Ao crescer e ter maturidade das coisas, vi que estava muito errada. Ela, que jurava amor eterno durante todas as datas comemorativas e era minha mãe, mentia. Mentia muito feio. Passava longe de ser uma boa amiga para mim e nunca se importava de fato com a minha felicidade. Só se importava com que as pessoas iriam comentar se eu chegasse na obesidade mórbida ou virasse uma desajeitada. Culparia ela por ser negligente.

A relação tóxica com a minha mãe, deixou-me em alerta vermelho sobre construir amizades. Principalmente se fosse amizade com uma menina. Eu me comparava muito, queria sobressair e, por impulso e a mente baratinada, criava uma rivalidade com motivos tão bobos.

Passei uma boa parte da vida sem fortalecer laços. Para dizer que não possuía amigos, eu tinha a minha tia Girladânia, Salete e Guilhermina, que era uma criancinha na época. Mas a amizade com Salete era algo sazonal e não duradouro. Passava duas semanas correspondendo a amizade dela e depois me fechava.

Eu tinha inveja dela. Salete, uma menina ruiva e bobinha, era filha única e os pais a tratavam como uma deusa. E ela nem se esforçava para aquilo, fazia tudo errado. Tirava as piores notas, repetiu duas vezes o terceiro ano e os pais a deixaram pular bloco de carnaval com amigos em uma outra cidade e não obrigava em participar de encontros familiares. Salete ia porque gostava, por seus pais, que nunca dava as caras nas festinhas de família, a filha não pisava os pés. Como eram liberais, nunca influenciaram nas tomadas de decisões dela.

Sentindo o calor da Salete envolvendo o meu corpo enquanto, em um tom maternal, acalmava-me, me odiei por não ter valorizado a amizade dela desde do início. Lá no dia em que sua família trocou de bairro e se mudou para a quinta casa à esquerda da minha. Salete com uma trança longa ruiva e o rosto todo sardento, bateu a porta do meu quarto e, vindo me abraçar, disse que éramos primas e amigas para sempre.

Eu nunca tinha visto falar dela e fiquei empolgada, porém assustada. Salete falava muito e queria ver todas as minhas bonecas que eu colecionava.

— Vamos encontrar um jeito para tudo. — disse ela, otimista ao me soltar. — Nada de choro, vamos encontrar um jeito.

— Não se envolva com os meus problemas, você tem muita demanda. — pedi ao afastar o meu rosto do seu peito e passei a manga da minha blusa em meu nariz que escorria a coriza típica de choro.

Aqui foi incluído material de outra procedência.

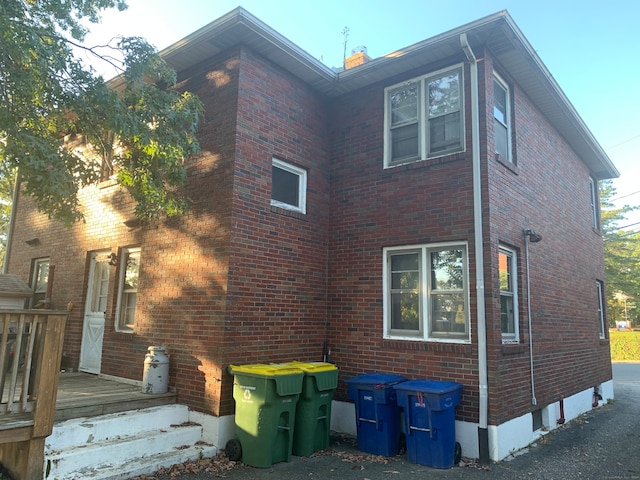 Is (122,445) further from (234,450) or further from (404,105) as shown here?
(404,105)

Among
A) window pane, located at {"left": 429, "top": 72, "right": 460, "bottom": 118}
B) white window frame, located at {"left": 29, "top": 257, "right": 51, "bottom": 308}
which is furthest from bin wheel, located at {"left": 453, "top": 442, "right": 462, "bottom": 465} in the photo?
white window frame, located at {"left": 29, "top": 257, "right": 51, "bottom": 308}

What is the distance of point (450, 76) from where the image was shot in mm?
7410

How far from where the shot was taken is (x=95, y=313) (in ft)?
28.6

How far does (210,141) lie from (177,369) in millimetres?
3411

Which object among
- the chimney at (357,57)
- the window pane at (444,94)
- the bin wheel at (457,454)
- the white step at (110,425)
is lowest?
the bin wheel at (457,454)

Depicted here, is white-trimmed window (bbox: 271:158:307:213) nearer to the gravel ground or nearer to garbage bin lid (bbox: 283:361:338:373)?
garbage bin lid (bbox: 283:361:338:373)

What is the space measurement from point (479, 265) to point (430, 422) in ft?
7.15

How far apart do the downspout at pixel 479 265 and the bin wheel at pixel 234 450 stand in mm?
3046

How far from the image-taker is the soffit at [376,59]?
263 inches

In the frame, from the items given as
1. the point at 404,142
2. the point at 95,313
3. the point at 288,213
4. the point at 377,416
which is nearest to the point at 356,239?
the point at 288,213

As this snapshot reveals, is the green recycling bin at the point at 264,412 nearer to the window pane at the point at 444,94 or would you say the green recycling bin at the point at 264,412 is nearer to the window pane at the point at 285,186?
the window pane at the point at 285,186

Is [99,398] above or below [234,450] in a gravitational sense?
above

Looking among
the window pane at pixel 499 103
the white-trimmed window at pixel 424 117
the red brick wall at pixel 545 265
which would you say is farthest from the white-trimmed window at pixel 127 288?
the window pane at pixel 499 103

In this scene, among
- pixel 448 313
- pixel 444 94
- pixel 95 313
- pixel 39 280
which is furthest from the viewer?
pixel 39 280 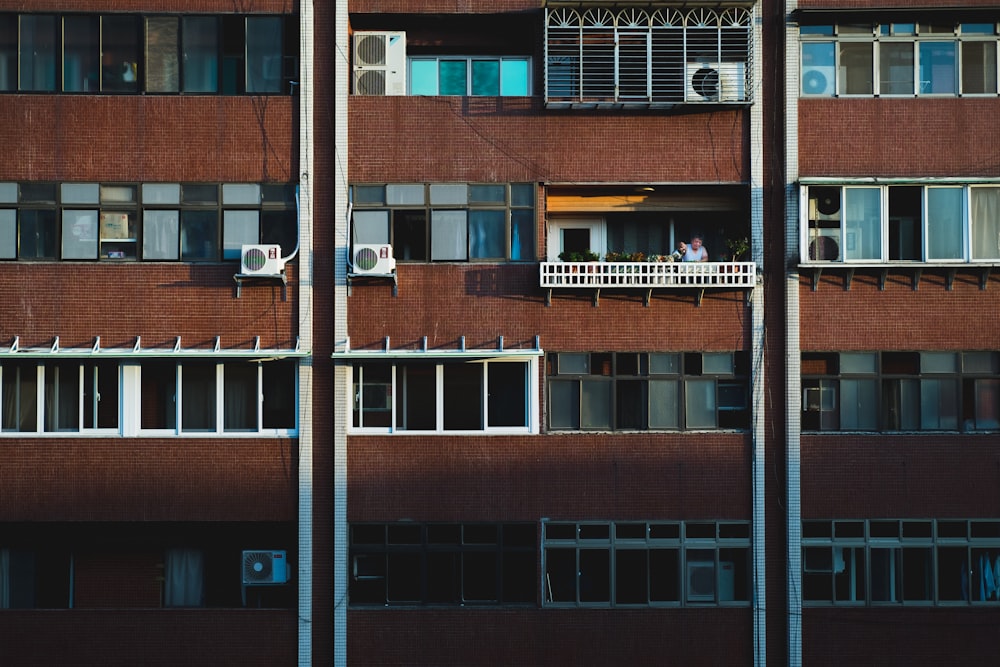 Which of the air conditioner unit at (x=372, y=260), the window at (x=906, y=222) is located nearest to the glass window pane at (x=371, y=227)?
the air conditioner unit at (x=372, y=260)

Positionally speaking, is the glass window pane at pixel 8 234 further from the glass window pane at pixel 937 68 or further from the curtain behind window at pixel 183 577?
the glass window pane at pixel 937 68

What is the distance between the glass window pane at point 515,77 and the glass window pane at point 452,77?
2.30 feet

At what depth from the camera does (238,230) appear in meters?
16.2

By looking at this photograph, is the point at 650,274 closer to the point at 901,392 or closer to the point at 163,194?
the point at 901,392

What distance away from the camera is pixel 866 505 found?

— Somos uma família. Uma família de verdade, Laurinha. — repreendeu-me, dando umas batidas em minha coxa. — Encontraremos uma solução, depois pensaremos em uma boa lição para dar naquele empresinha de te chutou. E vamos encontrar o responsável que te expôs.

— E se eu mesma me expus sob efeito de algum medicamento que me deixou alucinada?

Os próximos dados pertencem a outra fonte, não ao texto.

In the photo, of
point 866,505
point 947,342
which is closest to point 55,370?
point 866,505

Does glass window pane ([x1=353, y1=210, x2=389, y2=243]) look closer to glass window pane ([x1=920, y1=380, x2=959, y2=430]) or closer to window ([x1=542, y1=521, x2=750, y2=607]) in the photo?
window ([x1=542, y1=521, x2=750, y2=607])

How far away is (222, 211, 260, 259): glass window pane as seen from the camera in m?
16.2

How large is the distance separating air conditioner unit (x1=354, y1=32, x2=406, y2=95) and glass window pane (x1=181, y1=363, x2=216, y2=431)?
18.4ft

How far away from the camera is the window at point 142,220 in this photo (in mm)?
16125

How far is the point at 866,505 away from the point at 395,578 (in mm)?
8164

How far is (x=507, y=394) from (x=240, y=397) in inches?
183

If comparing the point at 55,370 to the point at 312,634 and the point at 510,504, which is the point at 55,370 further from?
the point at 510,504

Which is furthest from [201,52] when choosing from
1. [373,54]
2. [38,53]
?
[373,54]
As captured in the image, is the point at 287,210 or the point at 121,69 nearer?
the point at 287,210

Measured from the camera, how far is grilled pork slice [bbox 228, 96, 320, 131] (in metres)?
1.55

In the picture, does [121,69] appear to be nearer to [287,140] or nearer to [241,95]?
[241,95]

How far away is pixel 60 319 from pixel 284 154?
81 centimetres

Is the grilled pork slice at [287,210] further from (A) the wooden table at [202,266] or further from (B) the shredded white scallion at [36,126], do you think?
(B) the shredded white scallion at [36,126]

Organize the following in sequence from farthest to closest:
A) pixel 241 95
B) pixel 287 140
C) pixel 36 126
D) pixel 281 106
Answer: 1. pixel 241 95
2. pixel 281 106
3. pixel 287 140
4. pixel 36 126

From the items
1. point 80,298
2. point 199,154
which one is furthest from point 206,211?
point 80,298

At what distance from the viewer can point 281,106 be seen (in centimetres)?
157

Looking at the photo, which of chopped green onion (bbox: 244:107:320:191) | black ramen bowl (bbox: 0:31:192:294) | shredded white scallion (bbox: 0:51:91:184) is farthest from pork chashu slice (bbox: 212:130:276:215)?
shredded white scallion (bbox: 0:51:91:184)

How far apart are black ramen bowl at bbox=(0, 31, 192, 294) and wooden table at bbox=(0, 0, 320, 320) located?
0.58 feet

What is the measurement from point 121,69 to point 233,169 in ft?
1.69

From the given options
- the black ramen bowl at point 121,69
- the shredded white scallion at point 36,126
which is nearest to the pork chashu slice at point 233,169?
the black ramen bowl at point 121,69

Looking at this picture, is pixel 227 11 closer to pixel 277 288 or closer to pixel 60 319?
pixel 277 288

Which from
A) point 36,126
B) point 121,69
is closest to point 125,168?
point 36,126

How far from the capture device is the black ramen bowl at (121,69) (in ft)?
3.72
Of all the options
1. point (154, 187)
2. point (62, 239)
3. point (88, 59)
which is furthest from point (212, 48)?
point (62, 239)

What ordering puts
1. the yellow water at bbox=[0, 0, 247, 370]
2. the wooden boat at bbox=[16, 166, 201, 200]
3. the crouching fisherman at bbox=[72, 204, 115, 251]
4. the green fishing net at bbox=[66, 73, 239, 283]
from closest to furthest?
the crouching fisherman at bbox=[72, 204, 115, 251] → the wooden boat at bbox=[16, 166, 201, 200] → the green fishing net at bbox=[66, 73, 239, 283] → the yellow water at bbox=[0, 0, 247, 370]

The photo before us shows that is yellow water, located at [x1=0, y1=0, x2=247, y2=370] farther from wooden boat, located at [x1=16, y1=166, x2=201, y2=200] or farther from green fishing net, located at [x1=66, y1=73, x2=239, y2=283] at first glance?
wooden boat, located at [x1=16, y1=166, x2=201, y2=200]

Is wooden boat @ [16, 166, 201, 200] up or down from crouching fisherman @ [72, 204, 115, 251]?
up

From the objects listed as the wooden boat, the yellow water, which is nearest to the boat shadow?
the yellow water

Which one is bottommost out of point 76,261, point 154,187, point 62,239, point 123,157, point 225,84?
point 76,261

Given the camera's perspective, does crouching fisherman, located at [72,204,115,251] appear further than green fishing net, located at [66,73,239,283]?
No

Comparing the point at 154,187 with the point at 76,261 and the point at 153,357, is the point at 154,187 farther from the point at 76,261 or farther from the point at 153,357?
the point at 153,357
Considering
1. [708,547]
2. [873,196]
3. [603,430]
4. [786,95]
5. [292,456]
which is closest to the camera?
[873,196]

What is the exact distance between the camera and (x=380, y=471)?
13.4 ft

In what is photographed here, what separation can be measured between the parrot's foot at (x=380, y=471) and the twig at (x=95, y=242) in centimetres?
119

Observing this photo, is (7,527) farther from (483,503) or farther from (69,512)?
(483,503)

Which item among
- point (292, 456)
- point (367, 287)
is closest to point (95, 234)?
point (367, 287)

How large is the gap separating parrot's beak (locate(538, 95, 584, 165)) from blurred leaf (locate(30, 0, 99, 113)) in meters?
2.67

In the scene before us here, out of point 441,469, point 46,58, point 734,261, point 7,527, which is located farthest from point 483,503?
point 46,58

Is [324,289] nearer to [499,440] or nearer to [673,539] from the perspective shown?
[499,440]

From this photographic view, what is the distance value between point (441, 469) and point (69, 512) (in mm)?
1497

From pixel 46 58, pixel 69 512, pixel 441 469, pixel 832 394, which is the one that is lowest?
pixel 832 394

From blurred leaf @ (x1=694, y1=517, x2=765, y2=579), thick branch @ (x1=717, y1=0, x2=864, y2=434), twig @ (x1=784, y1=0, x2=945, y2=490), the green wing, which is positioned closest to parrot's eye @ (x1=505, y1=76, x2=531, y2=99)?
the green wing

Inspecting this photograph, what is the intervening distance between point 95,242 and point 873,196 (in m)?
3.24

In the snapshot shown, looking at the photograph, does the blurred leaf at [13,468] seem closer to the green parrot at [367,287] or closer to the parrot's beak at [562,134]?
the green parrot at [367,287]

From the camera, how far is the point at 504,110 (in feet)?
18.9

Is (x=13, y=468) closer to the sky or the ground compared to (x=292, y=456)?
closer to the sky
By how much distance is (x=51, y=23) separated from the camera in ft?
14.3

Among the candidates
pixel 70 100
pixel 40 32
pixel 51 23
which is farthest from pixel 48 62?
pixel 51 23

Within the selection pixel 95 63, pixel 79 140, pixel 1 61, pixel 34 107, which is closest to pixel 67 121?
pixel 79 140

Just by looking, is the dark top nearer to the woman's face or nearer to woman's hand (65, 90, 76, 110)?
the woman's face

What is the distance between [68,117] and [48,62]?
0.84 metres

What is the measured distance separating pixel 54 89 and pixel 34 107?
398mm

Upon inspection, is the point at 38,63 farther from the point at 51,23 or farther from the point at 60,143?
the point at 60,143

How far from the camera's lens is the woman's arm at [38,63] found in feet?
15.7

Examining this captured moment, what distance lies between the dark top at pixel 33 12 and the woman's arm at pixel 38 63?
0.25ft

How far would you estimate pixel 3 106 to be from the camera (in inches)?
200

Salete por dentro de tudo, inclusive na minha dependência por fármacos hipnóticos e antidepressivos sedativos, ignorou o meu questionamento.

— O que podemos fazer para levantar dinheiro? — perguntou ela, estreitando as sobrancelhas para reforçar sua expressão pensativa.

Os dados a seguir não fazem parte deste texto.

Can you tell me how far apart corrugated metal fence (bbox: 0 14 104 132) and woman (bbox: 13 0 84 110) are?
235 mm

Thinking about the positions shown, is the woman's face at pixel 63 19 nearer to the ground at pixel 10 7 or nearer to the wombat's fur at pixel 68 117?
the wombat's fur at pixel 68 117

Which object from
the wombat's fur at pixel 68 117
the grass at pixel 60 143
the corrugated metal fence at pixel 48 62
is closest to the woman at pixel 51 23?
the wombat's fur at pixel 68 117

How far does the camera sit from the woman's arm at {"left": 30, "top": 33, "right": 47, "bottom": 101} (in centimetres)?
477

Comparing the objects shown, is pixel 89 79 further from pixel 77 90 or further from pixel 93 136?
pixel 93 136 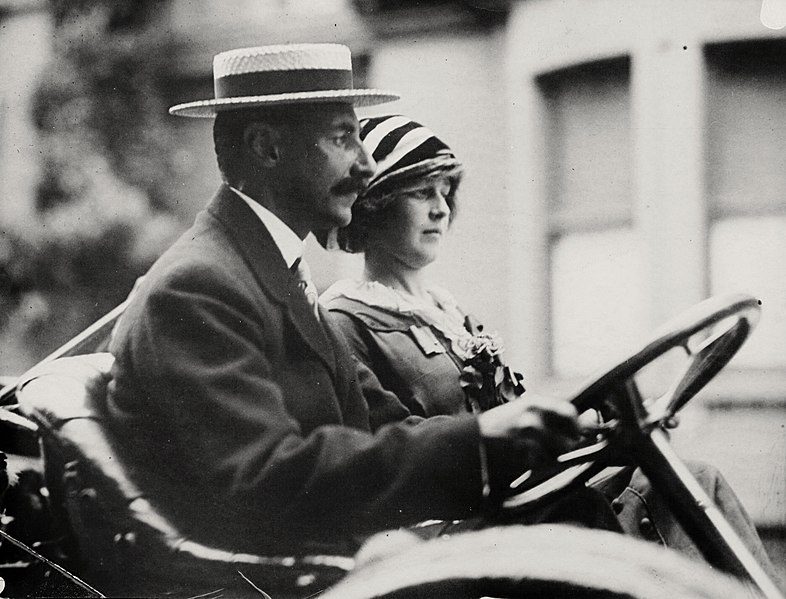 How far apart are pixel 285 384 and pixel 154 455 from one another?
41 cm

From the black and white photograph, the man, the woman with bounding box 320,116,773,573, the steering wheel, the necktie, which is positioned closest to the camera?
the steering wheel

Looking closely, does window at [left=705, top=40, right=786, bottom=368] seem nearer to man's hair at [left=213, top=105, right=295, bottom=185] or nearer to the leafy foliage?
man's hair at [left=213, top=105, right=295, bottom=185]

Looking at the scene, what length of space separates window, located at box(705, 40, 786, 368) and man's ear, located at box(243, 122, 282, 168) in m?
1.07

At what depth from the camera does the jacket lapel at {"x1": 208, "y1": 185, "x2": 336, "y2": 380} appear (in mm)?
2514

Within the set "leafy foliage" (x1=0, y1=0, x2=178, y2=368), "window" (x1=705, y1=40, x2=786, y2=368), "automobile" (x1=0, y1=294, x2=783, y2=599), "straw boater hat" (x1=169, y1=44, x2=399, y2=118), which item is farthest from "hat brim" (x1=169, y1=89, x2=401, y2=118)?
"window" (x1=705, y1=40, x2=786, y2=368)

— Vender o carro, talvez. — disse, não muito certa. Vender o carro ajudaria muito na diminuição da dívida, em uns 50%, mas os processos burocráticos talvez não obedecessem os prazos estipulados pelo Robert. E se conseguisse, seria de um lado, terrível para mim. Dependeria do transporte público para me locomover e só de imaginar dentro de um metrô, os meus pés começaram a coçar.